I do all my stuff as wet maceration, which stinks to high Heaven but you can reduce that by using sewer system “bio-degrade” crystals. Also helps if you have an air compressor that you can hook to a hose and run the hose in to the bottom of the tank and then blow air in there to make it bubble a while: aeration speeds up the process, just as turning your garden compost pile does when doing dry composting. If you do this inside, you will of course need to park your drums under a vent hood with a fan that has a fair amount of suction. I do mine outside in a special shed I built. My drums have dollies with wheels so they’re easy to move, the shed has doors with rubber seals so the stink doesn’t go out that way, the shed itself is built very tight and sealed, and so where the methane goes is out a vent with a fan mounted in it, down a pipe, and directly into the local sewer — sweeeeet.

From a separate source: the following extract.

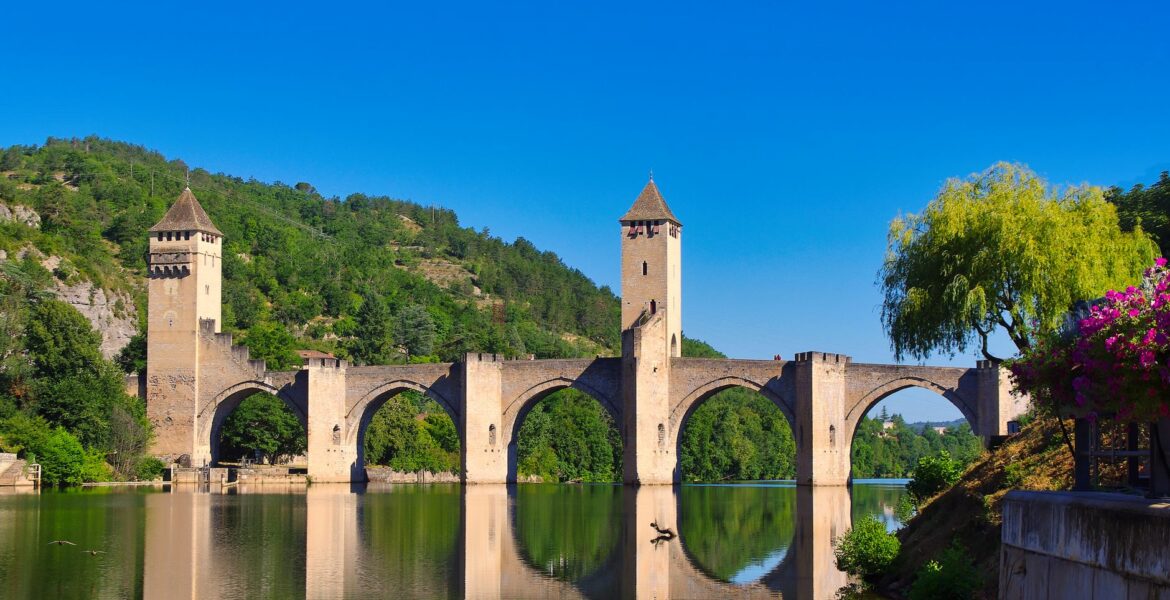 Que faire à Cahors : nos incontournables pour découvrir la perle du lot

You will need two drums for a full-sized unicorn. Unless the animal is smaller than about 14 hands/800 lbs., you will probably need to disarticulate the ribs, because the distance from the sternum to the top of the withers on a full-sized unicorn is larger than the diameter of a 50-gallon drum. There is a handy technique for getting the ribs off: first strip off as much flesh as possible, including particularly the intercostal musculature. Then, select a rib about midway the thorax. Take a pair of heavy-duty wire cutters or a fencing tool and use it to cut through the costal cartilage below the end of the bony part of the rib. When the distal end of the rib is free, grasp the rib with both hands so that your palms are facing anteriorly and, using thumb pressure, push the rib as far as possible anteriorly, in a kind of rolling motion. You’ll hear the capitular ligaments straining and/or breaking. If they don’t break easily, help them a little bit with a small knife with a flexible blade. This “forward roll” technique makes quick work of getting all the ribs off. More pressure is needed for the stouter anterior ones, but not hugely more, so there’s no need to break any bones at all.
You will also probably have to separate the neck at about C6-C7 or C5-C6, and very likely also you’ll be wanting to take the pelvis/sacrum off the lumbar chain. When separating vertebrae, use a small knife with a longish, flexible blade, something like a scaling knife like a fisherman would use.
So, by the time you put the thing in the cans, you have: head and part of the neck (don’t bother separating the jaws; it protects the hyoids better); base of neck, thoracics and anterior lumbars; posterior lumbars, pelvis, sacrum and tail; scapulas; femurs; gaskin, hock, hind cannon, hind pasterns, and hind hoof; forearm, knee, fore cannon, fore pasterns, and fore hoof; and a heap o’ ribs. Be sure not to let the sesamoids at the ankles or the patellas inadvertently go into the trash: I usually take those off first, myself, so that no students get the blame if they don’t happen to show up at the other end of the process. I also leave the hoof capsules on because that guarantees that the navicular bones don’t get lost. And I throw in the sternum and all the costal cartilages even though they’re at least partly cartilagenous, and even though the cartilages will have been damaged by having been cut – one thing we want to know these days is the frequency of fractures/healed fractures to the costal cartilages. And, if you ever want to make a mount out of the thing, you’ll need the sternum, not to mount it, but to use it to make a plastic copy of the right size and shape for the particular unicorn.
With thanks to Deb Bennett, Ph.D., Director Equine Studies Institute of California.